Connective Tissues: printed & published, installation view, Visual Arts Center, The University of Texas at Austin, January 28 – March 12, 2022. Photo: Alex Boeschenstein.

Event Status
Scheduled
Zoom

Connective Tissues: printed & published explores the legacies of twentieth-century artist publications, considering their significance within artistic practices and the challenges of their display in an institutional context. Exhibition curators Macaella Gray (BA candidate, Art History) and Zoe Roden (BA candidate, Art History and Humanities) are joined by Grace Sparapani (PhD candidate, Art History), Aishwarya Arumbakkam (MFA candidate, Studio Art), and Logan Larsen (BFA, Studio Art; BA, Art History) for a conversation surrounding the rich histories and legacies of the artist publication in relation to the exhibition at the VAC.

Presented in conjunction with Connective Tissues: printed & published, on view through March 12, 2022.

 

Bios

Aishwarya Arumbakkam is a multidisciplinary visual artist working across photography, filmmaking and drawing.
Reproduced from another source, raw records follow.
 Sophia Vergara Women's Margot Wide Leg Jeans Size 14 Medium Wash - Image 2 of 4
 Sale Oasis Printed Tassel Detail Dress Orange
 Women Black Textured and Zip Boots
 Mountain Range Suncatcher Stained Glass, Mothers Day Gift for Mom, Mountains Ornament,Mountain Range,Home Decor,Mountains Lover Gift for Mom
Originally from Chennai, India, she is currently pursuing an MFA in Studio Art at UT Austin. She is a recipient of the Graduate Continuing Fellowship (2021–2022). Arumbakkam was honored as one of the "Ones to Watch" by the British Journal of Photography in 2019. In 2020, she was awarded the Magnum Foundation Photography and Social Justice Fellowship. Her work has been exhibited internationally, including at Ishara Art Foundation (UAE), the Chobimela International Festival of Photography (Bangladesh), Ffotogallery (UK), and the Visual Arts Center (US).
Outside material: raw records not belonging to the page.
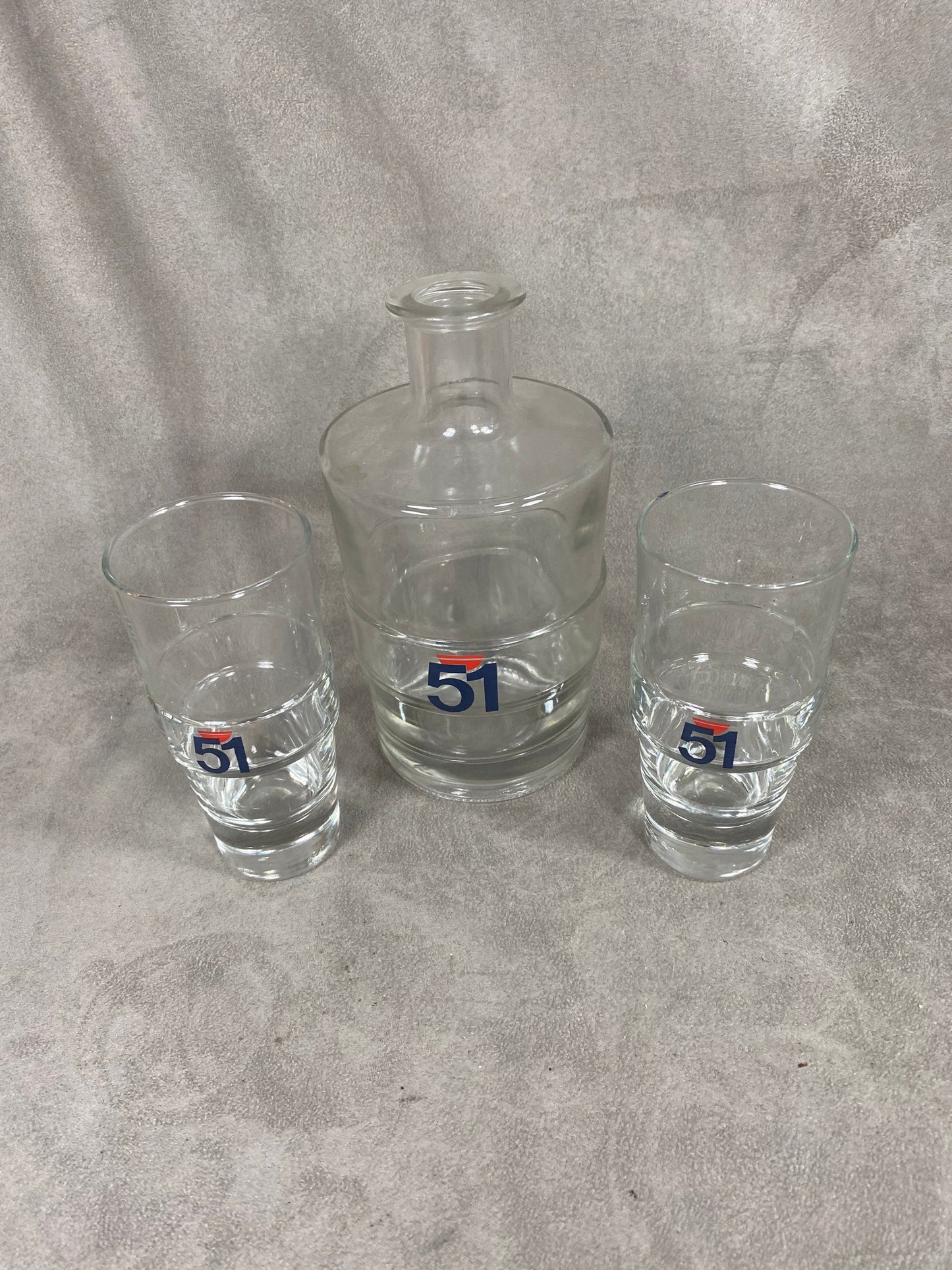 Pastis Pitcher 51 Glass water pitcher and 2 vintage retro glasses Made in France 1970s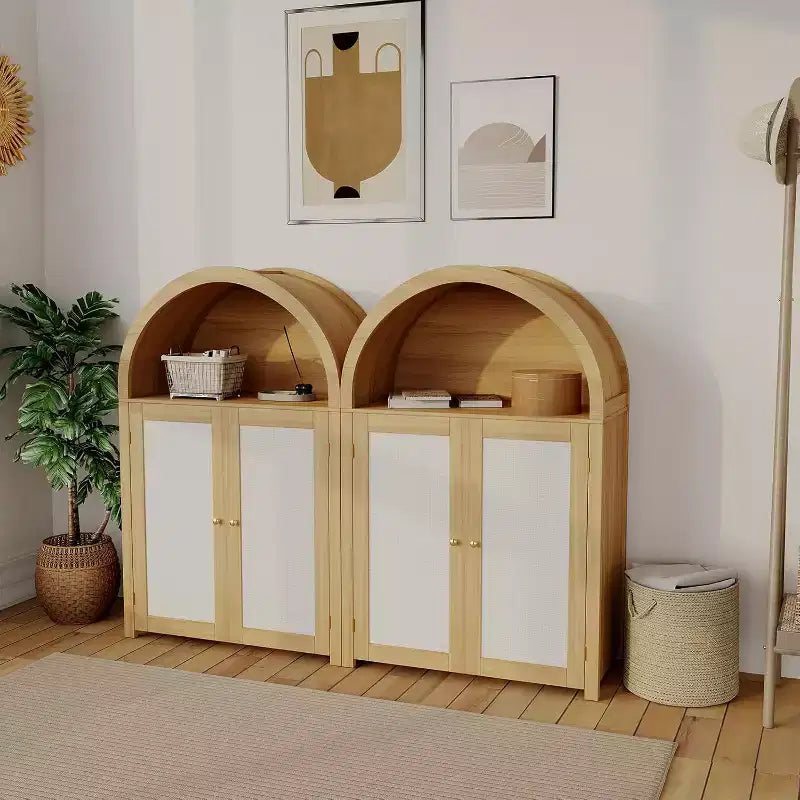 47'' Modern Arched Sideboard Buffet Cabinet with Rattan Doors, Freestanding Storage Pantry for Living Room, Dining Room, Kitchen, Natural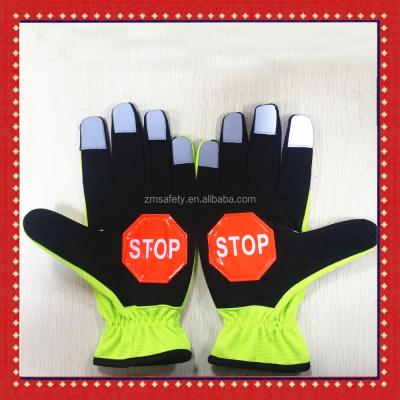 China Traffic Control Gloves Road Safety Reflective Gloves Stop Sign Traffic Control Gloves for sale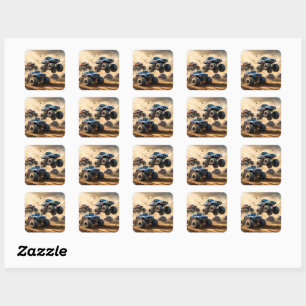 Monster Trucks Racing In The Desert, Square Sticker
Macaella Gray is a fifth-year undergraduate student in Art History at the University of Texas at Austin. She studies modern and contemporary art with a focus on early queer histories, post-war print media, and film cultures. She is the recipient of the John F. Newnam Endowed Presidential Scholarship in Art History and the Susan Vaughn Foundation Endowed Scholarship in Art and Art History. She has held positions at UT Austin, the Harry Ransom Center, and Ballroom Marfa. 
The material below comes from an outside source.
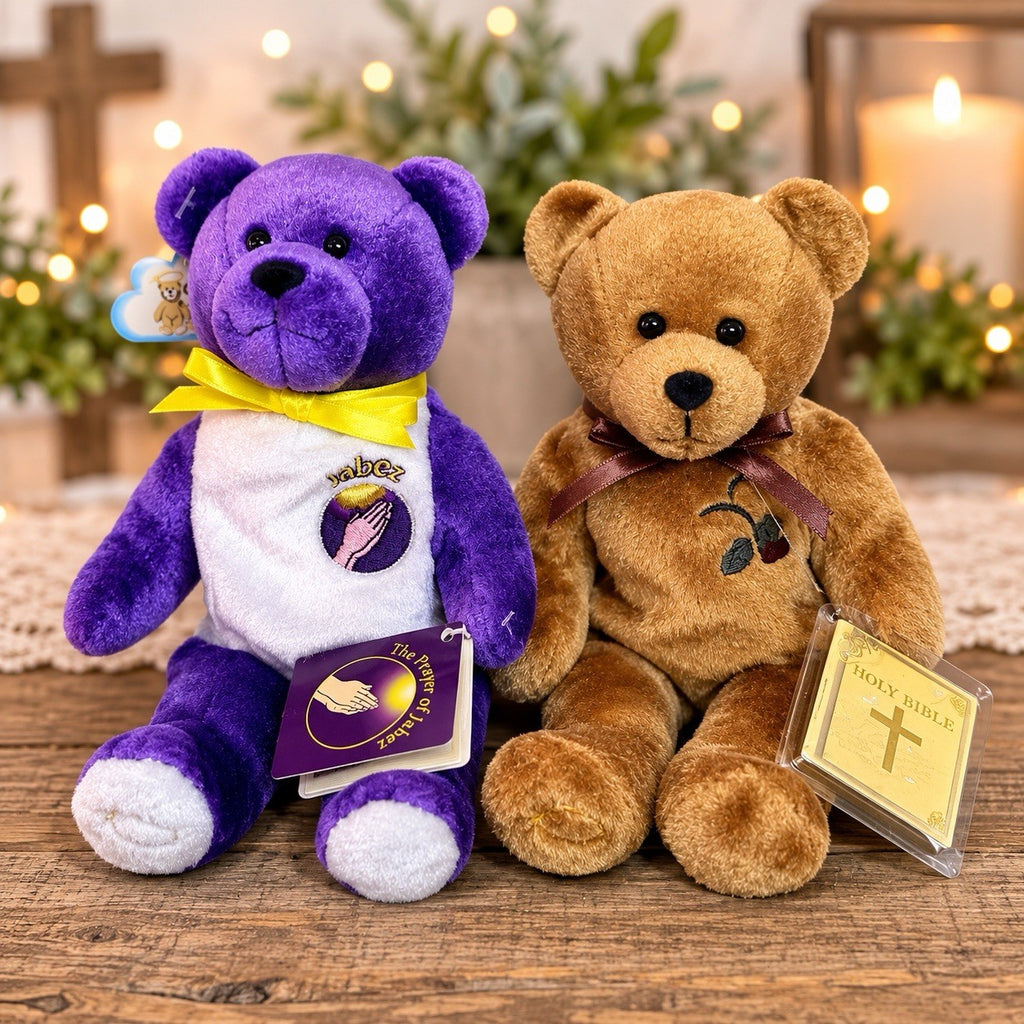 Holy Bears Lot of 2 Prayer of Jabez & Holy Bible Plush Bears 2000 2004 Tags VTG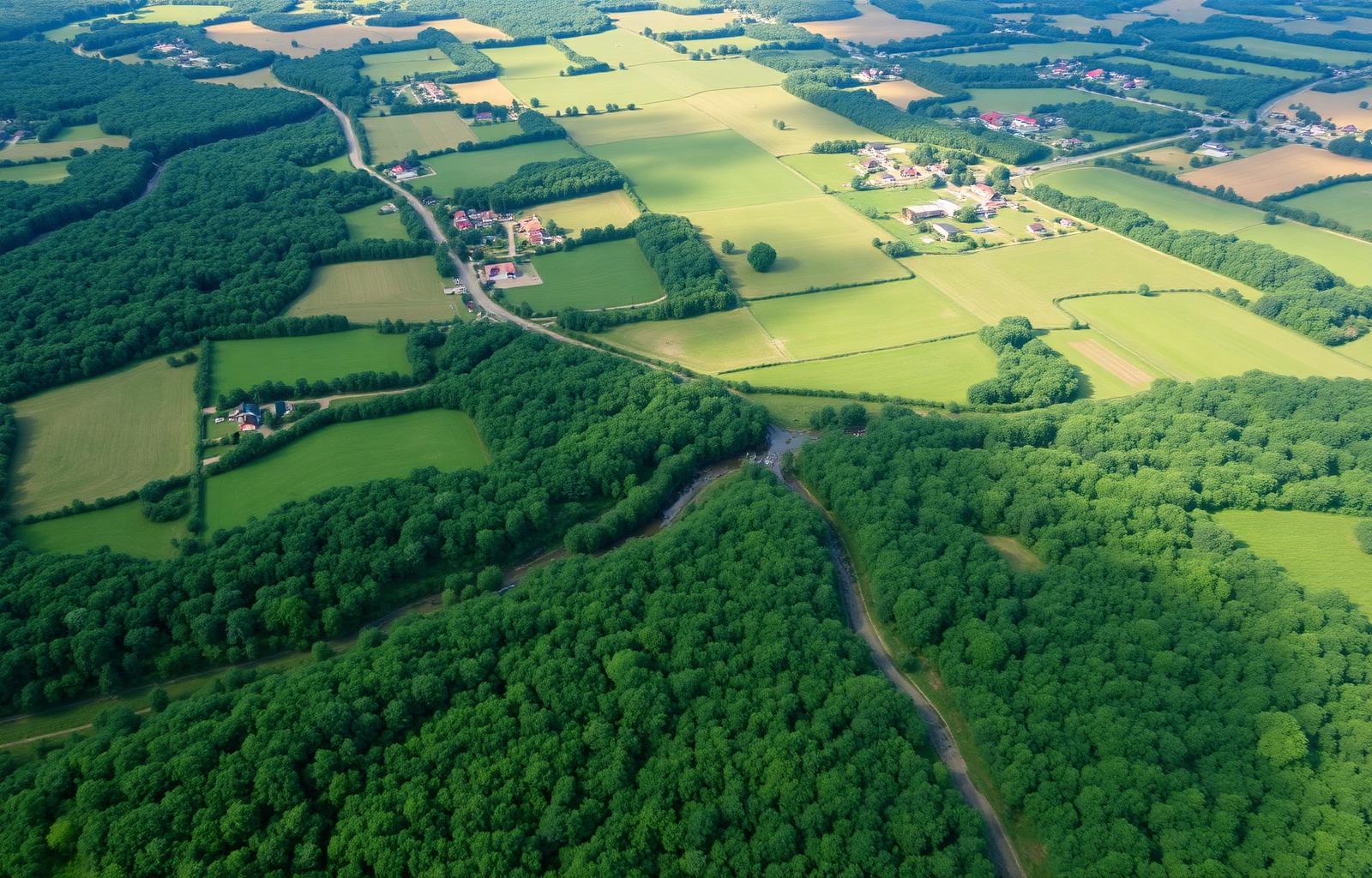 Aerial view of Orange County farmland and forest in the Hudson Valley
Logan Larsen is an Austin-based artist with degrees in both Studio Art and Art History from UT Austin. His work touches and fuses a multitude of media including drawing, painting, publishing, and printmaking. His work has been exhibited with the International Print Center New York, Co-Lab Projects, the Visual Arts Center, and the National Young Arts Foundation. Larsen previously worked as a Risograph Lab Fellow and manager at UT Austin.

Zoe Roden is a fourth-year undergraduate student in Art History and Humanities at UT Austin. She studies modern and contemporary art with a focus on twentieth-century print cultures, experimental film, and early queer aesthetics. Zoe is the recipient of the John F. Newnam Endowed Presidential Scholarship in Art History and the Rapoport-King Thesis Scholarship. She has held positions at the Harry Ransom Center, the Library of Congress, and Ballroom Marfa.

Grace Sparapani is a second-year PhD student in the Department of Art History at UT Austin. She received an MA in Art History from UT Austin and a BA in English Literature from Vassar College. Her research lies primarily within critical theory and modern and contemporary art, with a focus on performance studies, trauma studies, psychoanalysis, and experimental film.